Un chatbot comprende i messaggi grazie alle tecnologie di Natural Language Understanding – NLU (la comprensione da parte delle macchine, della struttura e del significato del linguaggio umano) che analizzano e interpretano il linguaggio naturale usando più e meno complessi algoritmi di machine learning.
I Conversation Designer sono figure specializzate nella costruzione di flussi conversazionali che devono essere il più naturali e fluidi possibile per ricalcare quelle umane. Si occupano di formare gli algoritmi, alimentati con set di possibili domande chiamate User Says, che la macchina utilizza come esempi da seguire per fornire le risposte adeguate.
Viene anche affidata loro:
- la gestione della componente di NLU di un chatbot – ovvero l’elaborazione degli input che arrivano al sistema che permette di comprendere le richieste delle persone;
- la progettazione dei flussi conversazionali – ovvero la mappatura delle domande, delle risposte e delle informazioni che formano gli argomenti che ogni utente potrà trovare nella chat di conversazione ogni volta che chiederà di parlare con il chatbot.
Dunque, come ben riassume un articolo completo e interessante sul Conversation Designer pubblicato su Chatbots Magazine:
Il Conversation Designer deve comprendere sia la mente umana che quella artificiale e deve utilizzare tecniche di copywriting per assicurarsi che entrambi i cervelli si comprendano a vicenda.
Quali sono gli ambiti di competenza entro cui si muove questo nuovo professionista della comunicazione? Un ibrido tra:
- destrezza contenutistica legata al copywriting;
- sensibilità psicologica;
- conoscenza tecnica / tecnologica.
3. Brand Journalist
Nel 2008 Renzo Rosso concesse un’intervista dove tra le altre cose dichiarava: “i marchi dovranno sempre più essere gestiti come dei giornali”. Mai profezia fu più vera 🙂 e ha finalmente un nome – o meglio, una professione: Brand Journalist.
Il Brand Journalism, o Giornalismo d’Impresa, è informazione proposta da un’azienda sui temi di cui essa si occupa, e per il pubblico che raggiunge con i propri prodotti o servizi.
Il Brand Journalism è quell’attività aziendale che sfrutta le tecniche del giornalismo per raccontare la marca e il business attraverso contenuti informativi.
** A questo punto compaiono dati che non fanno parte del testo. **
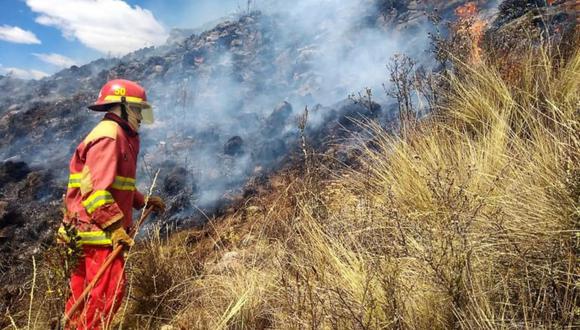 En lo que va del año han ocurrido 38 incendios forestales según el Centro de Operaciones de Emergencia Nacional. Foto: Agencia Andina.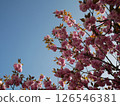 Cherry blossoms against the blue sky 126546381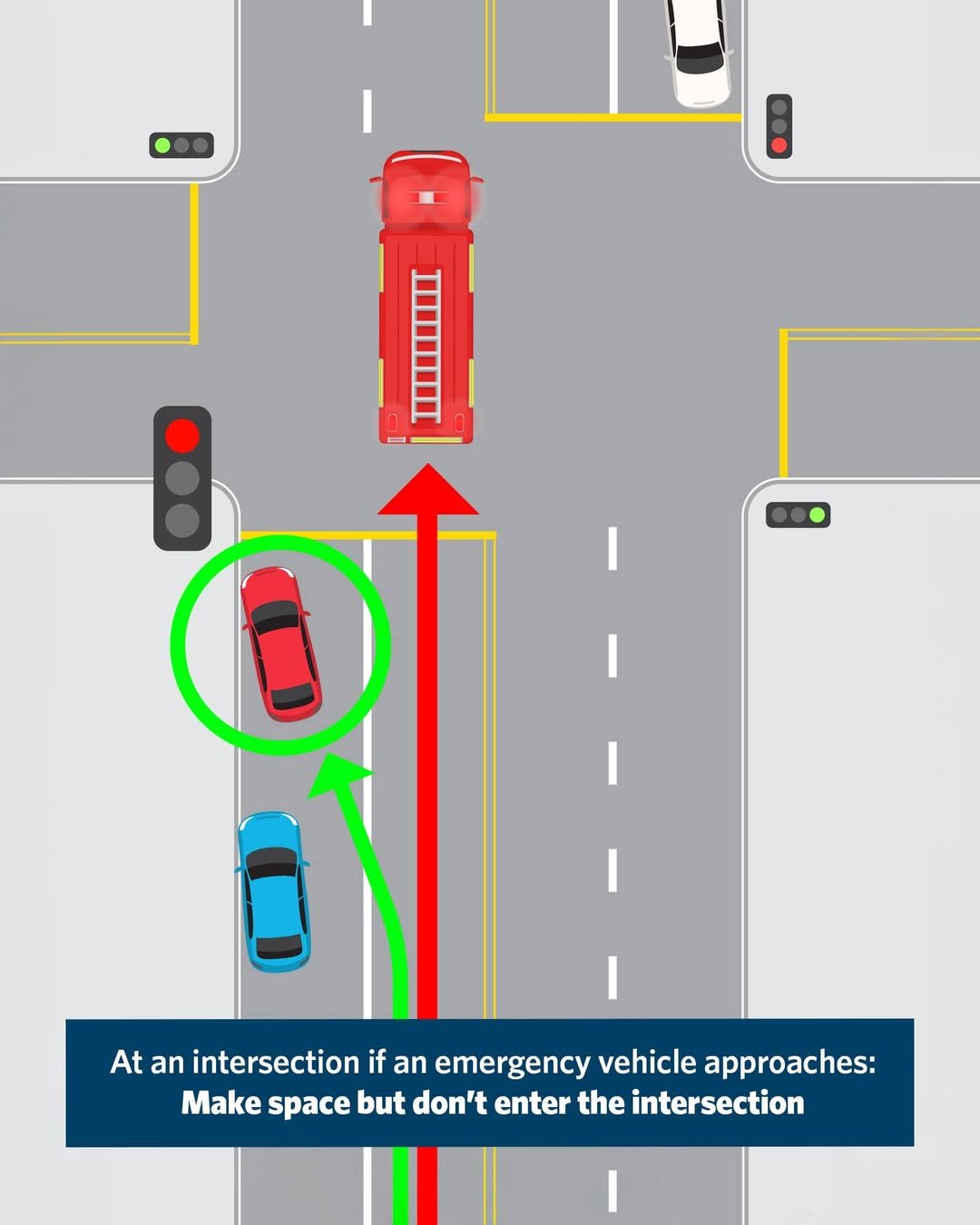 Te Aro's Margaret Whitcombe Takes on NZTA in Diagram Dispute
Leggenda vuole che, come strategia di comunicazione aziendale, sia stata ideata nel 2004 da Larry Light, allora Chief Marketing Officer di McDonald’s.
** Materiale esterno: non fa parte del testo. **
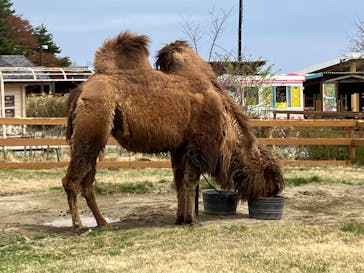 那須どうぶつ王国に投稿された画像（2023/4/8）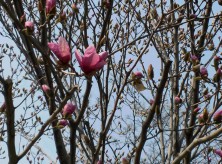 １２丁目シモクレン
Un Brand Journalist è dunque un giornalista competente, abile nel saper distillare le informazioni provenienti da più fonti e sfruttarle per creare un portfolio di contenuti a supporto del racconto di marca come:
- Long & short form content (articoli informativi su argomenti specifici)
- Landing page (pagine web create per una campagna marketing)
- Infografiche
- Script per i video
- Narrative pubblicitarie
- Post sui social media
- E-mail di marketing
- Podcast
- …
I contenuti possono spaziare dalle Brand News, atte a diffondere la conoscenza dell’azienda, narrando prodotti e servizi, persone, storia e attività aziendali, alle Industry News, che servono a potenziare la reputazione dell’impresa nel settore di riferimento, informando sul proprio contributo e valorizzando anche quello di altre imprese. Fino alle Current News, volte a promuovere il brand come fonte di notizie attuali su tematiche specifiche, siano esse legate al DNA economico del brand oppure no, ma di interesse per l’azienda (corporate social activism).
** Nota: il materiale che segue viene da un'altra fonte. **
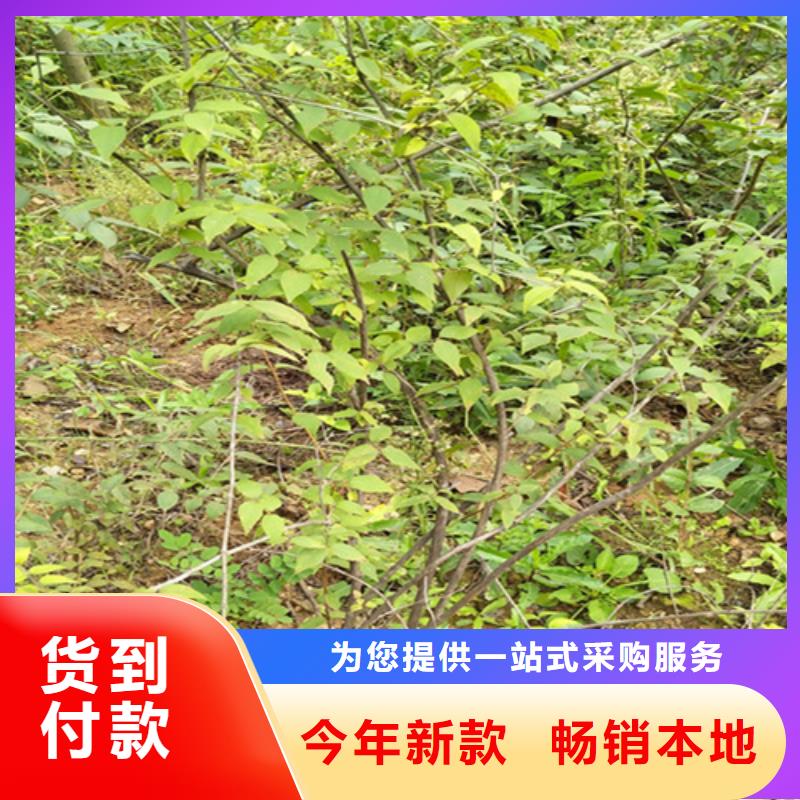 四平|通化|长春|延边|吉林|辽源杈杷果,【樱桃苗】货源充足生产厂家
Non è un caso che, come ricordato da Forbes, in tempi non sospetti un tempio della comunicazione come Advertising Age avesse selezionato il Brand Journalism come la definizione più realistica ed esaustiva del marketing contemporaneo.
Il Brand Journalism forza la comunicazione aziendale a passare dal dialogue (interazione 1-a-1) al multilogue (interazione molti-a-molti).
L’elemento certamente più interessante per questa professione, sta nello studiarne e cercare di comprenderne le prossime evoluzioni in linea con i cambiamenti tecnologici e innovativi in atto.
- In che modo, come persone e come aziende, potremo continuare a fare brand journalism e content marketing nel Metaverso?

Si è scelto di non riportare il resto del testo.